▶ [Exercise directions]
Wherever a line of the data contains "Used", copy that line.

▶ [Provided information]

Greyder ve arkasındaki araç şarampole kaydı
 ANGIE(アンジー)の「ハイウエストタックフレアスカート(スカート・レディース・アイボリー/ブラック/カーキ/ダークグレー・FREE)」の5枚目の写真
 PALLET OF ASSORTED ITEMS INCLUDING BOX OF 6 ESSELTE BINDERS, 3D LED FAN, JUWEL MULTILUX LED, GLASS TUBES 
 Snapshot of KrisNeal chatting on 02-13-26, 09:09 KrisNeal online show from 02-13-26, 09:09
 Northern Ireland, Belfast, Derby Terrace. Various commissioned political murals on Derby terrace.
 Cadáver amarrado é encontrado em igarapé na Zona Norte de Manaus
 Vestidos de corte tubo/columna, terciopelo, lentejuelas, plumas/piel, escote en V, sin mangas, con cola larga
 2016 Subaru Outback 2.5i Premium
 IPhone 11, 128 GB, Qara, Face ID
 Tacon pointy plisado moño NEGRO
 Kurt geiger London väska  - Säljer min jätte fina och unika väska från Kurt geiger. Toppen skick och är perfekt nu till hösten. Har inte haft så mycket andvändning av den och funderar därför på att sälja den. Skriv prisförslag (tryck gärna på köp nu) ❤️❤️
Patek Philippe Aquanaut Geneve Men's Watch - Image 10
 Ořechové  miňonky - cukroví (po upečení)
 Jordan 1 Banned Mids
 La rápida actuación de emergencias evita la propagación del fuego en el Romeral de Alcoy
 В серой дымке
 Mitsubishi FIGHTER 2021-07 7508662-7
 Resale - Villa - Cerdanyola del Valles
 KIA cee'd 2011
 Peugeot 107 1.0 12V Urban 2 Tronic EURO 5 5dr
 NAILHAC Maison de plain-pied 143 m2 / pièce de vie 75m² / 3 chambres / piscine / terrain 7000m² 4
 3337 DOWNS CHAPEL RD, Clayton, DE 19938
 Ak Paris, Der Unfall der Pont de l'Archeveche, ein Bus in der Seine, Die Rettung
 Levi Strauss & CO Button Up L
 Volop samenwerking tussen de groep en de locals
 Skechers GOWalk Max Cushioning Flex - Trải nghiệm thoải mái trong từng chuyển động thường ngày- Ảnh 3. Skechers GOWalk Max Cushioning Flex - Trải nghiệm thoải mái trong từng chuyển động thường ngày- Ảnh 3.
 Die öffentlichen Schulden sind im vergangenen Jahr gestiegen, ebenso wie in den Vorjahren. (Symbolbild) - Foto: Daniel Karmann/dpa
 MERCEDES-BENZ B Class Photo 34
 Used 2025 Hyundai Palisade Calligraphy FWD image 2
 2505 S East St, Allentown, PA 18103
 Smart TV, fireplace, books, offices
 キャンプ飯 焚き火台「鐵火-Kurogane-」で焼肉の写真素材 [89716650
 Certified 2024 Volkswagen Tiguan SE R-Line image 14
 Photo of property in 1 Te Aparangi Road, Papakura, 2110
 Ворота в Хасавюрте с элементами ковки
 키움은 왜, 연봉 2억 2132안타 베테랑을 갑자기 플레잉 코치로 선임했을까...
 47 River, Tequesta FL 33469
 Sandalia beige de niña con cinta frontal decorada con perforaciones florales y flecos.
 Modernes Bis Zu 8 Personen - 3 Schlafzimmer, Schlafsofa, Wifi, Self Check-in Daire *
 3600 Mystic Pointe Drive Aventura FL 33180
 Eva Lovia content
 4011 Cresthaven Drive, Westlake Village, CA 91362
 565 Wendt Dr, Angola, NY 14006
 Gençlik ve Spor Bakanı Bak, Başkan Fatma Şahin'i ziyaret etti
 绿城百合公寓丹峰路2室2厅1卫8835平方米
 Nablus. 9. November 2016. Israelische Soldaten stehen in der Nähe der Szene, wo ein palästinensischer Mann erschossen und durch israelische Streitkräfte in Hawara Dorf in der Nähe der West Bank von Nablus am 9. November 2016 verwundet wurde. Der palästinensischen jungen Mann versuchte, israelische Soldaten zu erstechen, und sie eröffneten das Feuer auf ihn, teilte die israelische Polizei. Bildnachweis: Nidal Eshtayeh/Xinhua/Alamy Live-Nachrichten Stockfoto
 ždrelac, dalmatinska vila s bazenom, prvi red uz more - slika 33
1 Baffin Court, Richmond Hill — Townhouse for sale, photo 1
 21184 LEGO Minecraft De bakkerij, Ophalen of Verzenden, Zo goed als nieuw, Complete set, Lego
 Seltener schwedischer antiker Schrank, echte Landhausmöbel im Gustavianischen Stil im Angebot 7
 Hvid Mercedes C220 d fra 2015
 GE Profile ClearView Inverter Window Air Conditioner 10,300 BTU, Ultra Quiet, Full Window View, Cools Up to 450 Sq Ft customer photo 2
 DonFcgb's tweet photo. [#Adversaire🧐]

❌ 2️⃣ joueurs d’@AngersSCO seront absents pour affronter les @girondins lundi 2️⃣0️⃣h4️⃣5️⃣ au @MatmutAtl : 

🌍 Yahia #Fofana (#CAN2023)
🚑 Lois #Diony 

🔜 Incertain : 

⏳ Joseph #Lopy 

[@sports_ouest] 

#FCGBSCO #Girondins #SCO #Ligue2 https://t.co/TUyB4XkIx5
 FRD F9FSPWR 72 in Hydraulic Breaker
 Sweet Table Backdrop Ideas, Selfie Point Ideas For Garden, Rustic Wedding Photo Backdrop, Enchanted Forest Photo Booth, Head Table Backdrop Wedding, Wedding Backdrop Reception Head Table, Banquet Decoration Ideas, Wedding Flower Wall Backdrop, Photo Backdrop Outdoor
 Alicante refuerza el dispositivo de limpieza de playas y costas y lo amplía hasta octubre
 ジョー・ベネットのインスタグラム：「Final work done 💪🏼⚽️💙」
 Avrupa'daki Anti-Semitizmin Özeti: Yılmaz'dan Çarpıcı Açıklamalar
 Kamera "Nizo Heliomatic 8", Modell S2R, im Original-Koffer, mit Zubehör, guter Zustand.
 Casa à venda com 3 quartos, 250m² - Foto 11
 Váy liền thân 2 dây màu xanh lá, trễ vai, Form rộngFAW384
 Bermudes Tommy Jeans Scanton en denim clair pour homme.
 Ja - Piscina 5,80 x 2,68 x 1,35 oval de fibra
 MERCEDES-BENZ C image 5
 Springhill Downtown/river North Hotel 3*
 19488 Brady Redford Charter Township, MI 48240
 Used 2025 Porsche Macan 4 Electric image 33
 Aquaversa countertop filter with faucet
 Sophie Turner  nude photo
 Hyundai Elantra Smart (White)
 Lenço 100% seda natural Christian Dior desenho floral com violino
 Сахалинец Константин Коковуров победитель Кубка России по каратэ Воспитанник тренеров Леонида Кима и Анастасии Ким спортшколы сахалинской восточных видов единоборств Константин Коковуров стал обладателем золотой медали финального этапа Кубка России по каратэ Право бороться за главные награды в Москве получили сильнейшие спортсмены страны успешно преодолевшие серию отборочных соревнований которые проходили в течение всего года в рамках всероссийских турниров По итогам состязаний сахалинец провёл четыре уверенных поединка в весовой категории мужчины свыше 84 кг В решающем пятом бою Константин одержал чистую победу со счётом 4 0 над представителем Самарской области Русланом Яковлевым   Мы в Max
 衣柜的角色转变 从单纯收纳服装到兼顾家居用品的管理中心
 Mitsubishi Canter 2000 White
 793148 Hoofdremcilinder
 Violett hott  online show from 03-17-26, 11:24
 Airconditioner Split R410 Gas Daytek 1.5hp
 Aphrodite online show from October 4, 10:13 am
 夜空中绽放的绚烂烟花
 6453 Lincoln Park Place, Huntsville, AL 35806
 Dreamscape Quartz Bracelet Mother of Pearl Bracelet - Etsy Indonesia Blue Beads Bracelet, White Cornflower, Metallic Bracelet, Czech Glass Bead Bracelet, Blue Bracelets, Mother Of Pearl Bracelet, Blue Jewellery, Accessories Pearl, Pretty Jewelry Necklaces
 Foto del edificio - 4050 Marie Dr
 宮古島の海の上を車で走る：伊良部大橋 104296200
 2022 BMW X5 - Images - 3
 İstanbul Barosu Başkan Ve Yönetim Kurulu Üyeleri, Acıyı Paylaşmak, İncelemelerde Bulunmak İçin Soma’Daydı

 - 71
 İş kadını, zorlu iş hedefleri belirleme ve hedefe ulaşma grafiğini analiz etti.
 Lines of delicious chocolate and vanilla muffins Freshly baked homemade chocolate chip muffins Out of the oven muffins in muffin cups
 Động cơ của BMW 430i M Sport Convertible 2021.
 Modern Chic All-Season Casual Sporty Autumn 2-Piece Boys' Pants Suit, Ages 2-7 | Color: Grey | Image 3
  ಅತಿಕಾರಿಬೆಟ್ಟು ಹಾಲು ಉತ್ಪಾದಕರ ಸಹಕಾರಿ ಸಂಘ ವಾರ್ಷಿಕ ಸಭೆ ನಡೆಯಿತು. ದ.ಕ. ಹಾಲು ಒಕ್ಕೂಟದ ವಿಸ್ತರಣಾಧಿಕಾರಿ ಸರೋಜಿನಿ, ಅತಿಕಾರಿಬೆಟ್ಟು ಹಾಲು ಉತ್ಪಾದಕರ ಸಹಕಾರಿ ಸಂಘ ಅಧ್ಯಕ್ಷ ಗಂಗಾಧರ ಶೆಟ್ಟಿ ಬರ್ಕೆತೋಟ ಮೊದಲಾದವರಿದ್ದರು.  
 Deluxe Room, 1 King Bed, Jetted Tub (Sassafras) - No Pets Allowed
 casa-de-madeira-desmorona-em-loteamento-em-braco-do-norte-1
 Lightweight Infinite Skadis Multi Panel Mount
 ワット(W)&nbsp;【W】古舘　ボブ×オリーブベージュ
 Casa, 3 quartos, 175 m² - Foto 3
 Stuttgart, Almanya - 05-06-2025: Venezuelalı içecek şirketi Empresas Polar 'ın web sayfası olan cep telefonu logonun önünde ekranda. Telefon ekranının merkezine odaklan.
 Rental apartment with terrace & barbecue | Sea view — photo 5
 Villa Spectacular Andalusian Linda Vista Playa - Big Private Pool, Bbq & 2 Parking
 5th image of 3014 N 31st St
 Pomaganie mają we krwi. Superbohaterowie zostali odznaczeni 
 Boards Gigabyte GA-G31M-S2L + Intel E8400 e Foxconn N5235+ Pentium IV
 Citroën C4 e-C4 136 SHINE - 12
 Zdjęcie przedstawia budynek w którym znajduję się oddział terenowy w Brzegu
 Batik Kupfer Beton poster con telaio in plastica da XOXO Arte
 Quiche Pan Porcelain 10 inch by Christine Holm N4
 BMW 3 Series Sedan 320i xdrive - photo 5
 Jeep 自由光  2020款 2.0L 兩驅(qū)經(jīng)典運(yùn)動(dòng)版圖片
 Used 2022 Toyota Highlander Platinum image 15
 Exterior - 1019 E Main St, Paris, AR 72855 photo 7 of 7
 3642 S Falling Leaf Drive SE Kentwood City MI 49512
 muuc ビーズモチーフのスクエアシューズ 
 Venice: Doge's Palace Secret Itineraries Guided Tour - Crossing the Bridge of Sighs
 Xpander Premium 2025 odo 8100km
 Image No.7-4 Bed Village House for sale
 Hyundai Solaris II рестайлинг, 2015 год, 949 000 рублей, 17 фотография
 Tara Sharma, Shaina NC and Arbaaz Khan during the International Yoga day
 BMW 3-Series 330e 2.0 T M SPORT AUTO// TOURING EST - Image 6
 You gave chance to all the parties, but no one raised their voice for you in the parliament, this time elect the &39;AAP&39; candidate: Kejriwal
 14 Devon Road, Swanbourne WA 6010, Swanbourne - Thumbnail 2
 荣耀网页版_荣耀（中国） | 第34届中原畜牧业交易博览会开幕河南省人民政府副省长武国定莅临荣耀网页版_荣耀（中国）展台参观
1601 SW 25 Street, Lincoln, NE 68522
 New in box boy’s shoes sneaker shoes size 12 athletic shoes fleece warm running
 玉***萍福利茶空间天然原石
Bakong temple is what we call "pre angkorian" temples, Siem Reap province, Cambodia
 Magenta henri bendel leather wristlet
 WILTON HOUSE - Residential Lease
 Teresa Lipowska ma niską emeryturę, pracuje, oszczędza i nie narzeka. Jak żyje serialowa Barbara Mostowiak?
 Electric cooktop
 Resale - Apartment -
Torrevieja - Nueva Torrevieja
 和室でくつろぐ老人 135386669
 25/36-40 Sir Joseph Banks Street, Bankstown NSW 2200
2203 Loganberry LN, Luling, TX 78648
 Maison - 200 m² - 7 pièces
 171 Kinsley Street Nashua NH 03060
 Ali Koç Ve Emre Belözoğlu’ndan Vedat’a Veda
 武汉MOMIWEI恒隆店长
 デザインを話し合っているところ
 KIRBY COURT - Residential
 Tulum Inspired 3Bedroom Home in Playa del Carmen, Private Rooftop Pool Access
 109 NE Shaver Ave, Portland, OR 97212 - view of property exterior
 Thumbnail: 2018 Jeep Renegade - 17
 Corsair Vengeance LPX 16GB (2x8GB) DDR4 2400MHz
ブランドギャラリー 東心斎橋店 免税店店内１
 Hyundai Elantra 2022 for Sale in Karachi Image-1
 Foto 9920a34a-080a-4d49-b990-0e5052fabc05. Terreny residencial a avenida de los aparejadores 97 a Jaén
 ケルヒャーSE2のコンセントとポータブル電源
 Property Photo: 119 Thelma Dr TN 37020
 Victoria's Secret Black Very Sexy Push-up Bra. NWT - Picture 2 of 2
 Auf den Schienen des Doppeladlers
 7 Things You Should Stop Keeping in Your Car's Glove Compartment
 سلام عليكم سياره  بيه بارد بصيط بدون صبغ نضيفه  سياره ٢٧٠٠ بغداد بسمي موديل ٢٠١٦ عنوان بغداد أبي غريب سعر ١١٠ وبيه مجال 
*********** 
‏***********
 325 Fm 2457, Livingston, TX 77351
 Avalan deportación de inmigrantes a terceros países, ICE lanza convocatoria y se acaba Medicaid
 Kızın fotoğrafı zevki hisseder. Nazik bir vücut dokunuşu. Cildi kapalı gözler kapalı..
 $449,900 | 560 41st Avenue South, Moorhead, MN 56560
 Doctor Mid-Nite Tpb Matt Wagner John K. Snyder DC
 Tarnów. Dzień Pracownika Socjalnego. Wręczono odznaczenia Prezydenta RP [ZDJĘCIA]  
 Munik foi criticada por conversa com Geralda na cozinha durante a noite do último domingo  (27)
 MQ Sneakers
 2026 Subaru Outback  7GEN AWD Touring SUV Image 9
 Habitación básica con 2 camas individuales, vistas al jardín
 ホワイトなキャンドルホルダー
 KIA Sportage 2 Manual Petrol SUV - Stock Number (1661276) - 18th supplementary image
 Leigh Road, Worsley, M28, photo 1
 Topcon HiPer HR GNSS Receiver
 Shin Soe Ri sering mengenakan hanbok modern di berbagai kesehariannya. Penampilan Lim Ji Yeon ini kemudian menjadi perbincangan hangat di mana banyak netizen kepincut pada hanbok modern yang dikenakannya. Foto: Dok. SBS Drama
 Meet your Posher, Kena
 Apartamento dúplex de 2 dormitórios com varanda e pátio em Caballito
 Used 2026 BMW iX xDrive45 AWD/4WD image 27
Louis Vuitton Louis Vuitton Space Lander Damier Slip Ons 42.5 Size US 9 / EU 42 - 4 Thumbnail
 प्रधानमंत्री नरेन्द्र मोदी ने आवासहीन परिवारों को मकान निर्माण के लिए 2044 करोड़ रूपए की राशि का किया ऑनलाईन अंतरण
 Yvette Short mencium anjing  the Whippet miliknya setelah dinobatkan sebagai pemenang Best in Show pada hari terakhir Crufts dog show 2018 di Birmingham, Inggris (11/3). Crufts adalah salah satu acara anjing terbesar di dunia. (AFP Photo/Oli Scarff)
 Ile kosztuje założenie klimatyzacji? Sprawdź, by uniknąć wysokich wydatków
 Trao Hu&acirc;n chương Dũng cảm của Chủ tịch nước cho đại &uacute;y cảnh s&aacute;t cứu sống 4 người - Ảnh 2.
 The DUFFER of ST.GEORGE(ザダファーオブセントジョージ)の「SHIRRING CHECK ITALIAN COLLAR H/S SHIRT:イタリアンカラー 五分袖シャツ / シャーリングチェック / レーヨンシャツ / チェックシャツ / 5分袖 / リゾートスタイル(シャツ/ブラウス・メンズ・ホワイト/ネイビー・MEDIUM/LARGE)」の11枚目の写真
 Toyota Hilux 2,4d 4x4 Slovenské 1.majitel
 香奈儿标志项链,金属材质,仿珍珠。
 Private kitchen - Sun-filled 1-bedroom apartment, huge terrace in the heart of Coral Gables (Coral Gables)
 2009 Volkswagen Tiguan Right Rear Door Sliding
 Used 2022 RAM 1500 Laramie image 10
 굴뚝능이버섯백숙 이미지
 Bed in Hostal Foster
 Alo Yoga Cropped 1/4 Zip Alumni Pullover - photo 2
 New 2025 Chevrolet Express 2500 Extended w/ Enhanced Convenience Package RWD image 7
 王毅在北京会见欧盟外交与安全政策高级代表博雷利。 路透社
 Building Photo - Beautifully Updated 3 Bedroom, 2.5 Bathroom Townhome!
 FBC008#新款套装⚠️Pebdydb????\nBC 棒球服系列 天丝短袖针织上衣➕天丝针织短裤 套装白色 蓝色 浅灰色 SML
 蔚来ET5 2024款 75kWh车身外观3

▶ [Task solution]
 Used 2025 Hyundai Palisade Calligraphy FWD image 2
 Used 2025 Porsche Macan 4 Electric image 33
 Used 2022 Toyota Highlander Platinum image 15
 Used 2026 BMW iX xDrive45 AWD/4WD image 27
 Used 2022 RAM 1500 Laramie image 10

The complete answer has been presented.